Le bac pro, qui a fêté ses trente ans, est également sur la sellette : près d’un bachelier pro sur deux arrêterait là ses études et ne trouverait pas d’emploi. Najat Vallaud-Belkacem, la ministre de l’éducation nationale, a défendu l’action du gouvernement en rappelant les mesures prises pour l’école primaire, l’éducation prioritaire, la mixité sociale et la politique sociale.

Lionel : On parle beaucoup de politique vis-à-vis des jeunes. Pourtant, il y a des non-décisions qui sont plus terribles pour détruire la vie des plus jeunes. Les prix délirants des logements en sont un exemple…

La question du logement est une des plus aiguë, pour les étudiants en particulier et pour les jeunes en général. Une étude réalise par Century 21 montre, sans surprise, que les prix du logement étudiant épousent ceux du marché privé. Les seules solutions pour se loger à prix raisonnables consistent à s’éloigner des centres-villes ou des grandes villes… c’est-à-dire, bien souvent, de son lieu d’études.

Sur cette question comme sur tant d’autres, des mesures ont été prises. Mais elles demeurent insuffisantes (par exemple en matière de construction de logements étudiants) ou ne répondent pas à la problématique des étudiants : la Caution locative étudiante (Clé), reste ainsi peu utilisée.

Jean : Quelles sont les intentions de vote chez les jeunes après le quinquennat de M. Hollande ?

Le dernier sondage exclusivement consacré au vote des jeunes place Marine Le Pen en tête au premier tour, devant Alain Juppé. Jean-Luc Mélenchon devance même François Hollande. Au 2nd tour, les jeunes votaient Alain Juppé à 65 %. Mais ce sondage a été réalisé en mai 2016.

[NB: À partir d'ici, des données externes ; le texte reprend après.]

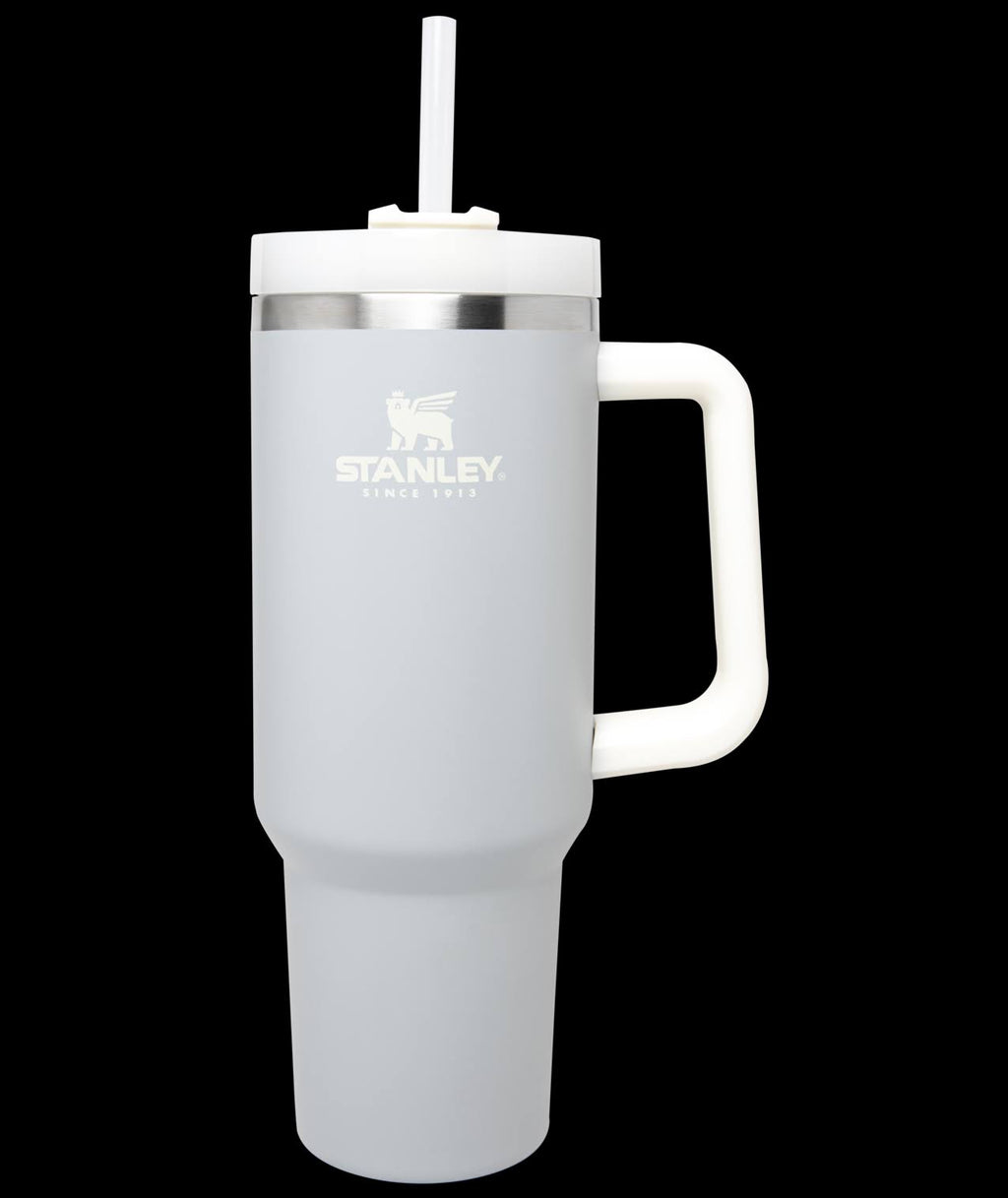40 oz Gray Quencher Tumbler B404273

Unclejimmy : A partir de quand les bibliothèques universitaires resteront ouvertes plus tard ?

Bonne nouvelle pour les Bibliothèques universitaires (BU), elles arrivent cette année en tête du baromètre de la qualité de l’accueil dans les services de l’Etat. Sur les horaires, le plan « bibliothèques ouvertes » prévoit d’ouvrir au moins une bibliothèque dans chaque université jusqu’à 22 heures du lundi au vendredi, le samedi après-midi, ainsi que « pendant les périodes de révisions ». Il doit être mis en œuvre pleinement d’ici à 2019.